──────── DATA IN THIS EXERCISE
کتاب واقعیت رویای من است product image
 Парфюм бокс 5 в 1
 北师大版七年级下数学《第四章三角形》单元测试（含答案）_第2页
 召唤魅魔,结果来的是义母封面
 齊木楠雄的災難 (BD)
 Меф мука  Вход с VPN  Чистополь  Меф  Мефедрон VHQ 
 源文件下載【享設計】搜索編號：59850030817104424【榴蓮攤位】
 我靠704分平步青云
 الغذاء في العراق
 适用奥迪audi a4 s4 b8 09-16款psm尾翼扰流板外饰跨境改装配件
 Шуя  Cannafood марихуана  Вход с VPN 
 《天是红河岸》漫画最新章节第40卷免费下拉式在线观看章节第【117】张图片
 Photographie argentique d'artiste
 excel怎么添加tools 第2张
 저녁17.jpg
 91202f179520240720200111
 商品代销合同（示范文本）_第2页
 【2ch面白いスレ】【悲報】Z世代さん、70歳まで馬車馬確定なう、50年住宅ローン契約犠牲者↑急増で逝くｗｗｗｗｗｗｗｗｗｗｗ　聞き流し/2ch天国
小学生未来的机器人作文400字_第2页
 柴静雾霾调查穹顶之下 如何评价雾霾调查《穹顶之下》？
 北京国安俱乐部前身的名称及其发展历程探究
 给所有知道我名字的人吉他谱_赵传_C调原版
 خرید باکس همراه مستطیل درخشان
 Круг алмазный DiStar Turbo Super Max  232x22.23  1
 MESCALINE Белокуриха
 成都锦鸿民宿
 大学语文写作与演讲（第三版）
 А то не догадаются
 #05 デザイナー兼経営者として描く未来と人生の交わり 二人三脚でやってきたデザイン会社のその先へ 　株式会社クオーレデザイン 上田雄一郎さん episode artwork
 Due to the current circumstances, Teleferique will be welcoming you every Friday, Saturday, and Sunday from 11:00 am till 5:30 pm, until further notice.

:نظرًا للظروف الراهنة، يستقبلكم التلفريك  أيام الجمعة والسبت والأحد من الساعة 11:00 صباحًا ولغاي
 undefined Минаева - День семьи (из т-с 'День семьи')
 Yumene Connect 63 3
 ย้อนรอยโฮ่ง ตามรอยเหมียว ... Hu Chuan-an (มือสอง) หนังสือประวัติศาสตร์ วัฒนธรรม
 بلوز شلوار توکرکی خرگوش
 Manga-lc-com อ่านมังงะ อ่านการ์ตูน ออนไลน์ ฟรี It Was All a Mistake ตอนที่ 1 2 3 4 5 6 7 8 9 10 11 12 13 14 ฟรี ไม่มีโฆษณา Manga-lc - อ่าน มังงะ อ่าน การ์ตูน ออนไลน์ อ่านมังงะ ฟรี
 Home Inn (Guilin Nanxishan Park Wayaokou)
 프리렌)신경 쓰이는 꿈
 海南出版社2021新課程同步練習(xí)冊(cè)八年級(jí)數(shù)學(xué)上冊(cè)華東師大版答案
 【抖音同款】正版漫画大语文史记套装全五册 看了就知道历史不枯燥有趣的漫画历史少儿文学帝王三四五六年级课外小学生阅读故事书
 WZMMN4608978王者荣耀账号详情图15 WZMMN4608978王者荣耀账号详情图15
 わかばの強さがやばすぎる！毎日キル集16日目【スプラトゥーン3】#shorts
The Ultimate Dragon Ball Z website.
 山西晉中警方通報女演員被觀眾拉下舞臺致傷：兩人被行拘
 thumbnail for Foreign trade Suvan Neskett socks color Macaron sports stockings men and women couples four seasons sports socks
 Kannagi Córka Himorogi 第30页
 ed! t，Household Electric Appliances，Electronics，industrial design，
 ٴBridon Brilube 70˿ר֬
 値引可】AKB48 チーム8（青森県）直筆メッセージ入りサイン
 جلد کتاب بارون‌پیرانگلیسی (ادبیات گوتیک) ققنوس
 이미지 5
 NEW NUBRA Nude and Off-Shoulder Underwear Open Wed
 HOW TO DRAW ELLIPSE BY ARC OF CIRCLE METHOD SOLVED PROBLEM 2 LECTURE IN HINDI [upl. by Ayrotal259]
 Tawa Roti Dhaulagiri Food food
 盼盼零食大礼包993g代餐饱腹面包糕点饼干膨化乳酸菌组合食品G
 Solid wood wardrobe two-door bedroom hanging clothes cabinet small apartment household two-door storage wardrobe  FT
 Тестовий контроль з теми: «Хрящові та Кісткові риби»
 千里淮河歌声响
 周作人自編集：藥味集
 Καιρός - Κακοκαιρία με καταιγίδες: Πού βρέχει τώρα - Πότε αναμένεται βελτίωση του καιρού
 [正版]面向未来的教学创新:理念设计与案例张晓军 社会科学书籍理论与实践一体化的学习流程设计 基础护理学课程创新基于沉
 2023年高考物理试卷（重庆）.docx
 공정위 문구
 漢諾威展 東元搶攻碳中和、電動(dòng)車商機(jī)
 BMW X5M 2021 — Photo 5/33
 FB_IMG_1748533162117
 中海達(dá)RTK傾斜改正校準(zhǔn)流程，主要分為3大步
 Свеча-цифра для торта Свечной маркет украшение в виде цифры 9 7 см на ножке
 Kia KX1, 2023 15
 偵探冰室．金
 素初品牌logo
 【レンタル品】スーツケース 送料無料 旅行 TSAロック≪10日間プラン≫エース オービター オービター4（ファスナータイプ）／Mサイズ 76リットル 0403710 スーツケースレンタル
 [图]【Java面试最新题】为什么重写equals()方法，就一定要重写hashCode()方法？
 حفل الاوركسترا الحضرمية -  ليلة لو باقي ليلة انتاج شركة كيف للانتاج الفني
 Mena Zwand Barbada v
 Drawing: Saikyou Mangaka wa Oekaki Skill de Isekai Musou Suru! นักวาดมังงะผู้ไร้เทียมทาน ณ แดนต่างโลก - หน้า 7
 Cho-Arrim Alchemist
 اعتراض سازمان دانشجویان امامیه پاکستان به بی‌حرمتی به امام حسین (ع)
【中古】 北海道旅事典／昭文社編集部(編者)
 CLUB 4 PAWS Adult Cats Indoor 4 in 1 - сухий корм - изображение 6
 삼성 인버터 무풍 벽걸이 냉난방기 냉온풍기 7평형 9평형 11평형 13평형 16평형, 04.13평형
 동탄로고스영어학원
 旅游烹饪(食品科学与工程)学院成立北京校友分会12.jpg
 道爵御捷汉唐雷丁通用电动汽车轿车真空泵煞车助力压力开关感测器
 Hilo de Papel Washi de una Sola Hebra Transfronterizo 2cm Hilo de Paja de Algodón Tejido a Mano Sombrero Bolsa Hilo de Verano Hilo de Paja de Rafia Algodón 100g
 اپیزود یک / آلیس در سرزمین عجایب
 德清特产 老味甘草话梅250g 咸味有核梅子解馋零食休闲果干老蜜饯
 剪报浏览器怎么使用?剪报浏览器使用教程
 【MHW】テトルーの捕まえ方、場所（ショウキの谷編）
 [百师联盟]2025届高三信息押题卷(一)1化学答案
────────────────
WORK REQUEST:
Exact reproduction of the whole material is the required answer.

RESPONSE AREA:
کتاب واقعیت رویای من است product image
 Парфюм бокс 5 в 1
 北师大版七年级下数学《第四章三角形》单元测试（含答案）_第2页
 召唤魅魔,结果来的是义母封面
 齊木楠雄的災難 (BD)
 Меф мука  Вход с VPN  Чистополь  Меф  Мефедрон VHQ 
 源文件下載【享設計】搜索編號：59850030817104424【榴蓮攤位】
 我靠704分平步青云
 الغذاء في العراق
 适用奥迪audi a4 s4 b8 09-16款psm尾翼扰流板外饰跨境改装配件
 Шуя  Cannafood марихуана  Вход с VPN 
 《天是红河岸》漫画最新章节第40卷免费下拉式在线观看章节第【117】张图片
 Photographie argentique d'artiste
 excel怎么添加tools 第2张
 저녁17.jpg
 91202f179520240720200111
 商品代销合同（示范文本）_第2页
 【2ch面白いスレ】【悲報】Z世代さん、70歳まで馬車馬確定なう、50年住宅ローン契約犠牲者↑急増で逝くｗｗｗｗｗｗｗｗｗｗｗ　聞き流し/2ch天国
小学生未来的机器人作文400字_第2页
 柴静雾霾调查穹顶之下 如何评价雾霾调查《穹顶之下》？
 北京国安俱乐部前身的名称及其发展历程探究
 给所有知道我名字的人吉他谱_赵传_C调原版
 خرید باکس همراه مستطیل درخشان
 Круг алмазный DiStar Turbo Super Max  232x22.23  1
 MESCALINE Белокуриха
 成都锦鸿民宿
 大学语文写作与演讲（第三版）
 А то не догадаются
 #05 デザイナー兼経営者として描く未来と人生の交わり 二人三脚でやってきたデザイン会社のその先へ 　株式会社クオーレデザイン 上田雄一郎さん episode artwork
 Due to the current circumstances, Teleferique will be welcoming you every Friday, Saturday, and Sunday from 11:00 am till 5:30 pm, until further notice.

:نظرًا للظروف الراهنة، يستقبلكم التلفريك  أيام الجمعة والسبت والأحد من الساعة 11:00 صباحًا ولغاي
 undefined Минаева - День семьи (из т-с 'День семьи')
 Yumene Connect 63 3
 ย้อนรอยโฮ่ง ตามรอยเหมียว ... Hu Chuan-an (มือสอง) หนังสือประวัติศาสตร์ วัฒนธรรม
 بلوز شلوار توکرکی خرگوش
 Manga-lc-com อ่านมังงะ อ่านการ์ตูน ออนไลน์ ฟรี It Was All a Mistake ตอนที่ 1 2 3 4 5 6 7 8 9 10 11 12 13 14 ฟรี ไม่มีโฆษณา Manga-lc - อ่าน มังงะ อ่าน การ์ตูน ออนไลน์ อ่านมังงะ ฟรี
 Home Inn (Guilin Nanxishan Park Wayaokou)
 프리렌)신경 쓰이는 꿈
 海南出版社2021新課程同步練習(xí)冊(cè)八年級(jí)數(shù)學(xué)上冊(cè)華東師大版答案
 【抖音同款】正版漫画大语文史记套装全五册 看了就知道历史不枯燥有趣的漫画历史少儿文学帝王三四五六年级课外小学生阅读故事书
 WZMMN4608978王者荣耀账号详情图15 WZMMN4608978王者荣耀账号详情图15
 わかばの強さがやばすぎる！毎日キル集16日目【スプラトゥーン3】#shorts
The Ultimate Dragon Ball Z website.
 山西晉中警方通報女演員被觀眾拉下舞臺致傷：兩人被行拘
 thumbnail for Foreign trade Suvan Neskett socks color Macaron sports stockings men and women couples four seasons sports socks
 Kannagi Córka Himorogi 第30页
 ed! t，Household Electric Appliances，Electronics，industrial design，
 ٴBridon Brilube 70˿ר֬
 値引可】AKB48 チーム8（青森県）直筆メッセージ入りサイン
 جلد کتاب بارون‌پیرانگلیسی (ادبیات گوتیک) ققنوس
 이미지 5
 NEW NUBRA Nude and Off-Shoulder Underwear Open Wed
 HOW TO DRAW ELLIPSE BY ARC OF CIRCLE METHOD SOLVED PROBLEM 2 LECTURE IN HINDI [upl. by Ayrotal259]
 Tawa Roti Dhaulagiri Food food
 盼盼零食大礼包993g代餐饱腹面包糕点饼干膨化乳酸菌组合食品G
 Solid wood wardrobe two-door bedroom hanging clothes cabinet small apartment household two-door storage wardrobe  FT
 Тестовий контроль з теми: «Хрящові та Кісткові риби»
 千里淮河歌声响
 周作人自編集：藥味集
 Καιρός - Κακοκαιρία με καταιγίδες: Πού βρέχει τώρα - Πότε αναμένεται βελτίωση του καιρού
 [正版]面向未来的教学创新:理念设计与案例张晓军 社会科学书籍理论与实践一体化的学习流程设计 基础护理学课程创新基于沉
 2023年高考物理试卷（重庆）.docx
 공정위 문구
 漢諾威展 東元搶攻碳中和、電動(dòng)車商機(jī)
 BMW X5M 2021 — Photo 5/33
 FB_IMG_1748533162117
 中海達(dá)RTK傾斜改正校準(zhǔn)流程，主要分為3大步
 Свеча-цифра для торта Свечной маркет украшение в виде цифры 9 7 см на ножке
 Kia KX1, 2023 15
 偵探冰室．金
 素初品牌logo
 【レンタル品】スーツケース 送料無料 旅行 TSAロック≪10日間プラン≫エース オービター オービター4（ファスナータイプ）／Mサイズ 76リットル 0403710 スーツケースレンタル
 [图]【Java面试最新题】为什么重写equals()方法，就一定要重写hashCode()方法？
 حفل الاوركسترا الحضرمية -  ليلة لو باقي ليلة انتاج شركة كيف للانتاج الفني
 Mena Zwand Barbada v
 Drawing: Saikyou Mangaka wa Oekaki Skill de Isekai Musou Suru! นักวาดมังงะผู้ไร้เทียมทาน ณ แดนต่างโลก - หน้า 7
 Cho-Arrim Alchemist
 اعتراض سازمان دانشجویان امامیه پاکستان به بی‌حرمتی به امام حسین (ع)
【中古】 北海道旅事典／昭文社編集部(編者)
 CLUB 4 PAWS Adult Cats Indoor 4 in 1 - сухий корм - изображение 6
 삼성 인버터 무풍 벽걸이 냉난방기 냉온풍기 7평형 9평형 11평형 13평형 16평형, 04.13평형
 동탄로고스영어학원
 旅游烹饪(食品科学与工程)学院成立北京校友分会12.jpg
 道爵御捷汉唐雷丁通用电动汽车轿车真空泵煞车助力压力开关感测器
 Hilo de Papel Washi de una Sola Hebra Transfronterizo 2cm Hilo de Paja de Algodón Tejido a Mano Sombrero Bolsa Hilo de Verano Hilo de Paja de Rafia Algodón 100g
 اپیزود یک / آلیس در سرزمین عجایب
 德清特产 老味甘草话梅250g 咸味有核梅子解馋零食休闲果干老蜜饯
 剪报浏览器怎么使用?剪报浏览器使用教程
 【MHW】テトルーの捕まえ方、場所（ショウキの谷編）
 [百师联盟]2025届高三信息押题卷(一)1化学答案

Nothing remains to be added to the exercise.